======== Source data ========

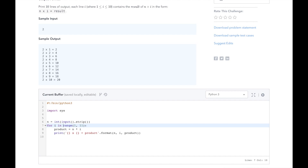Our final solution uses a for loop to loop over integers 1 through 10 and assign them to the i variable within the for loop. In each run, we then multiply n by i to get our product variable, and then we print the result in our output. This should result in 10 lines of output, just like the sample output.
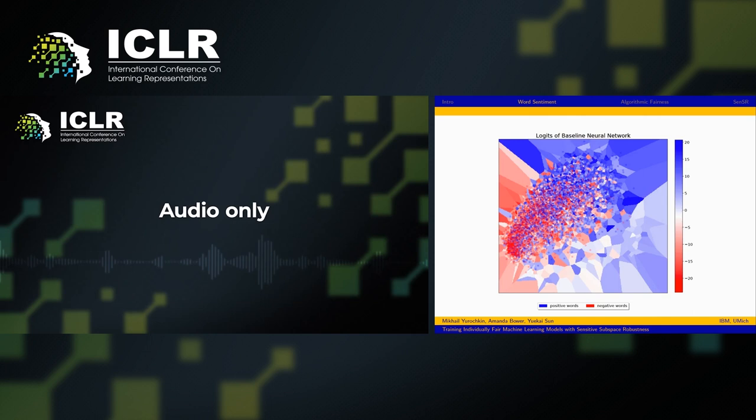Blue regions correspond to words that have positive predictions, whereas red regions correspond to words that have negative predictions.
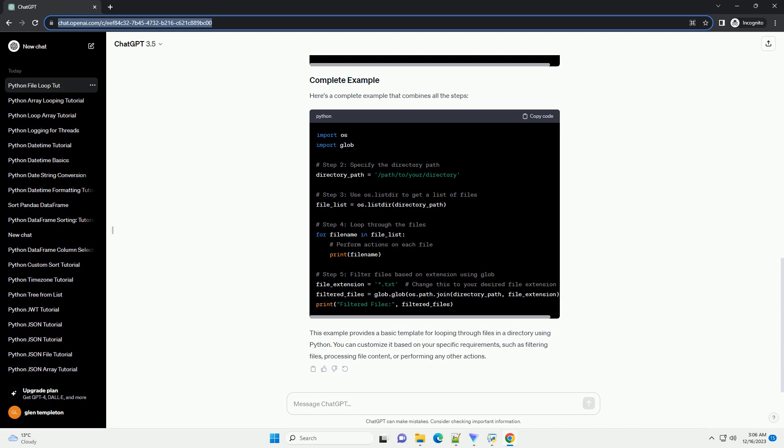Here's a complete example that combines all the steps. This example provides a basic template for looping through files in a directory using Python. You can customize it based on your specific requirements, such as filtering files, processing file content, or performing any other actions.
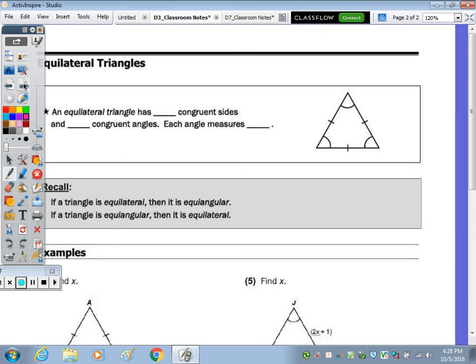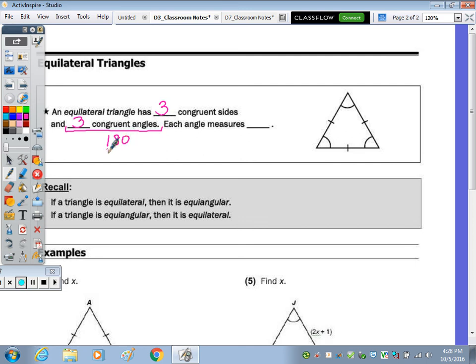The next page focuses specifically on the equilateral triangle. In order for a triangle to be equilateral, it has to have three congruent sides and three congruent angles — all sides congruent, all angles congruent. If they're all congruent, take 180 and divide by 3 to get 60 degrees. So each angle is 60 — this is 60, this is 60, and this is 60, and it's equilateral.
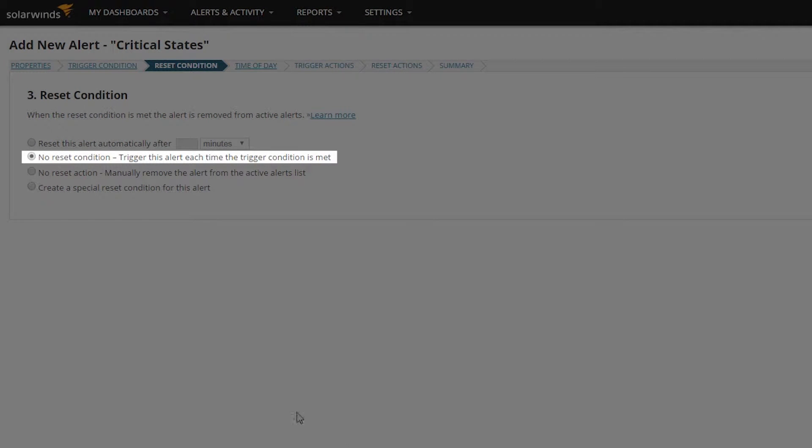You'll notice that the No Reset Condition option has been pre-selected. This one is pretty straightforward. If I'm alerting on a node going down, then every time the node goes down, an alert will be triggered.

========

**Task to carry out**
Repeat the data exactly. Pictures should not appear.

**Result of this exercise**
Our final solution uses a for loop to loop over integers 1 through 10 and assign them to the i variable within the for loop. In each run, we then multiply n by i to get our product variable, and then we print the result in our output. This should result in 10 lines of output, just like the sample output.
Blue regions correspond to words that have positive predictions, whereas red regions correspond to words that have negative predictions.
Here's a complete example that combines all the steps. This example provides a basic template for looping through files in a directory using Python. You can customize it based on your specific requirements, such as filtering files, processing file content, or performing any other actions.
The next page focuses specifically on the equilateral triangle. In order for a triangle to be equilateral, it has to have three congruent sides and three congruent angles — all sides congruent, all angles congruent. If they're all congruent, take 180 and divide by 3 to get 60 degrees. So each angle is 60 — this is 60, this is 60, and this is 60, and it's equilateral.
You'll notice that the No Reset Condition option has been pre-selected. This one is pretty straightforward. If I'm alerting on a node going down, then every time the node goes down, an alert will be triggered.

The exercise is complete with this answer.